Several years ago, my grand daughter was asked along with the rest of her class to do a science project on carnivores, herbivores and omnivores. She tackled the project with enthusiasm, researching the subject as meticulously as possible for a child of her age, hunting for suitable pictures and taking enormous trouble to produce the charts - all with no adult help at all.

All of us were delighted with what she had done and felt very proud of her. We were certain she would score top marks. But she returned from school in tears. The teacher had given her a zero for her project on the grounds that it was so good that her mother must definitely have done it for her!

I was incensed at the teacher’s behaviour. What kind of teacher, I fumed, would deflate and discourage an eight-year-old child in this manner? How dare she not believe that the child was telling the truth when she said she had done the project all on her own? After all, she had never been known to lie. Was this the reward for excellence? Did this lady, as ignorant as she was of the virtues of motivation, really deserve to be a teacher?

Resentful though I was then, I have to admit that teachers have ample cause to be suspicious. More often than not, it is parents who burn the midnight oil and not their children. I recently heard of a woman who gave up her job so that she could do her nephew’s projects for him! The purpose of getting a student to do a project is that the student must gain in-depth knowledge of the subject. He learns to research the subject, to cull the essentials, to lay out and present the information well. If mothers, fathers, aunts and uncles do the project instead, they deprive the student of the fun of learning. Yet this does not appear to deter them.

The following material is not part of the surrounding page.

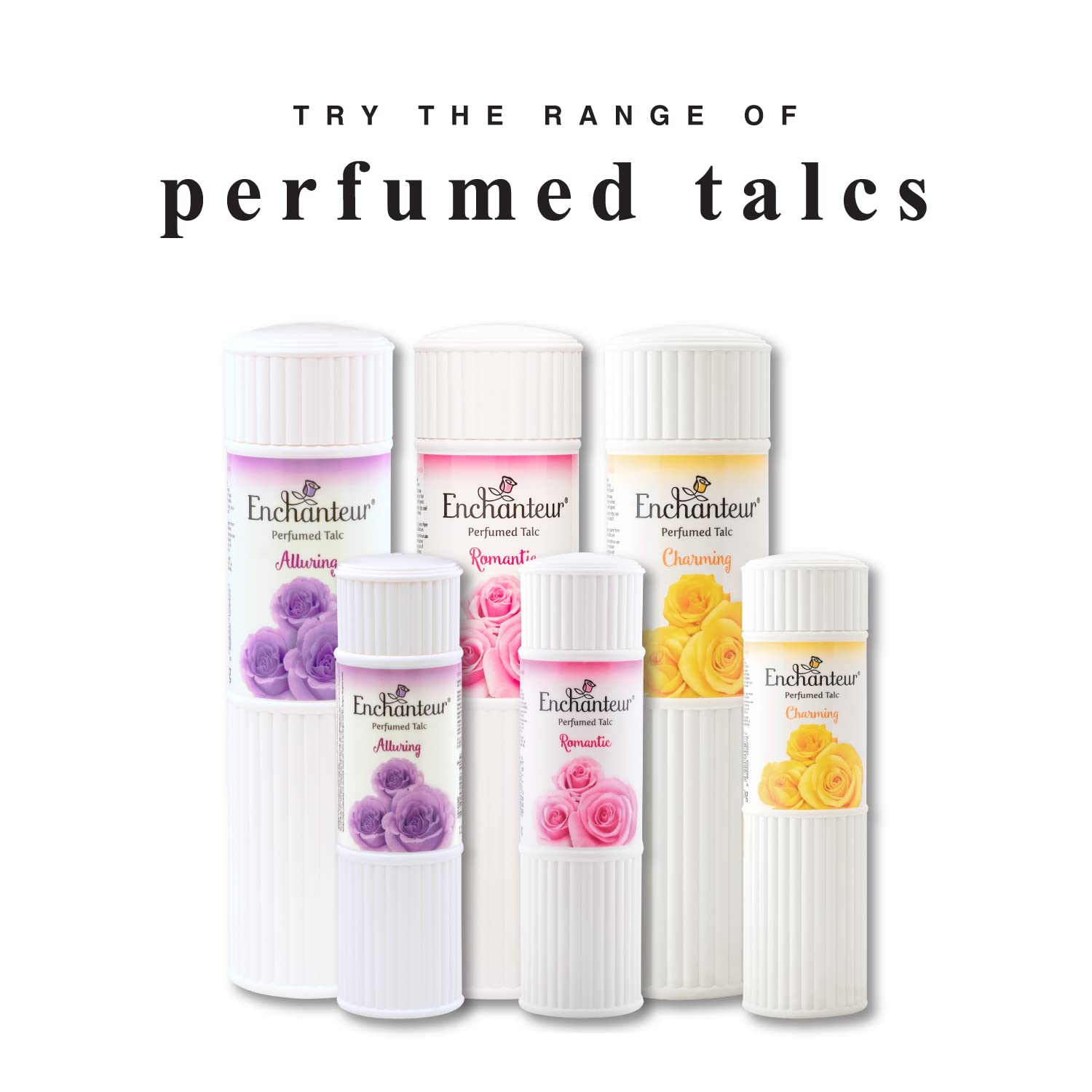 Enchanteur Alluring Perfumed Talc Powder 250g,8888202026422,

But what of those students whose parents do not have the time, energy or ability to help? Well, they need not despair. Indian enterprise, as usual, has come to the rescue. Where there is demand, there is supply. I have a flyer in front of me that offers, for a reasonable charge, assistance on any assigned topic to students from Class VII to XII. The ‘assistance’ includes an outline of the project, the latest information on the topic, photographs, uniqueness in the layout, and a creative presentation.

Project evaluation marks are usually taken into consideration in the public exam for the top classes. There is an easy way for students to get them now, at a cost. I wonder whether schools are aware of what is going on just outside their gates, which is where these pamphlets are conveniently being handed out? And if they are, will they do something about it?